Nick Hallett—singer, composer, and downtown impresario—creates a four-part series at the New Museum theater connecting the human voice to multimedia ritual.
Tonight Hallett premieres a new composition, Whispering Exercises, for women’s voices (Katie Eastburn, Rachel Henry Rachel Mason, Daisy Press), harp (Shelley Burgon), and electronic pulsations generated from customized software created by Ray Sweeten, with sound design by Zach Layton. This is a concert version of music currently being developed for a new opera created by Hallett and the video and performance artist Shana Moulton, Whispering Pines 10, to premiere at The Kitchen in Spring 2010. Folk song forms such as rounds and hockets are layered over electronic arpeggiations, in addition to acoustic phenomena such as Shepard Tones (a series of rising pitches which elicits feelings of weightlessness), while lumia and oscillographics float throughout the space.
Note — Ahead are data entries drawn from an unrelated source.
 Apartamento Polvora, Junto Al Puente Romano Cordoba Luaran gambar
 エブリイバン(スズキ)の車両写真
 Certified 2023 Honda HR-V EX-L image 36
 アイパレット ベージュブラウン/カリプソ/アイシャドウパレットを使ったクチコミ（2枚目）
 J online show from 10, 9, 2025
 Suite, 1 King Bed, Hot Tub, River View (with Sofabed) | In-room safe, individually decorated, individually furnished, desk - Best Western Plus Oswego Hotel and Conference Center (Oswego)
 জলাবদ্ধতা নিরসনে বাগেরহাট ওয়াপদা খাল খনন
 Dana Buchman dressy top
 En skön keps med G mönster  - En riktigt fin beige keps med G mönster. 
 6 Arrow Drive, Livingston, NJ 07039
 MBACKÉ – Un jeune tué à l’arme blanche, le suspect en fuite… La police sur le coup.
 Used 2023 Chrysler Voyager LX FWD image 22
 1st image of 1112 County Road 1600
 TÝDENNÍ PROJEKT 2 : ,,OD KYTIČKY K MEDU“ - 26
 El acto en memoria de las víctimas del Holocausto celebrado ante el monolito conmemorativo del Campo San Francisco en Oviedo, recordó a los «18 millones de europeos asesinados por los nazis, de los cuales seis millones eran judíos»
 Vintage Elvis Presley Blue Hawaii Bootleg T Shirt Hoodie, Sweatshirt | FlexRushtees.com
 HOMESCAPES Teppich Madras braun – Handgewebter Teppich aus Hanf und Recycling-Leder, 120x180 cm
In collaboration with a rotating cast of performers and artists, Hallett presents original music and performance alongside new interpretations of celebrated vocal works by Meredith Monk and Karlheinz Stockhausen. The singing voice is seen here in its rawest state, stripped of its language-based sensibilities, and more as a flexible instrument of sound, capable of producing protosemantic, acoustic phenomena. As such, concepts of drone, repetition, and improvisation prevail over the tropes of traditional song. Each evening is staged using pure light, illuminated objects, and projection methods derived from structuralist film and the psychedelic lightshow to create a live, interdisciplinary synthesis of sound and image. Taking from John Cage’s maxim that “art should not be different than life, but an action within life,” Voice & Light Systems revisits the Zen-Buddhism-inspired methodologies popular among Western artists during the 1960s and ’70s as ritual practices in and of themselves, envisioning their scores much as sacred texts in a pre-literary culture, to be rendered as expressions of devout “art consciousness.” With this experimental tradition as a starting point, Hallett begins to develop new work for contemporary contemplation, with the voice—the most basic instrument of artistic expression—at its core.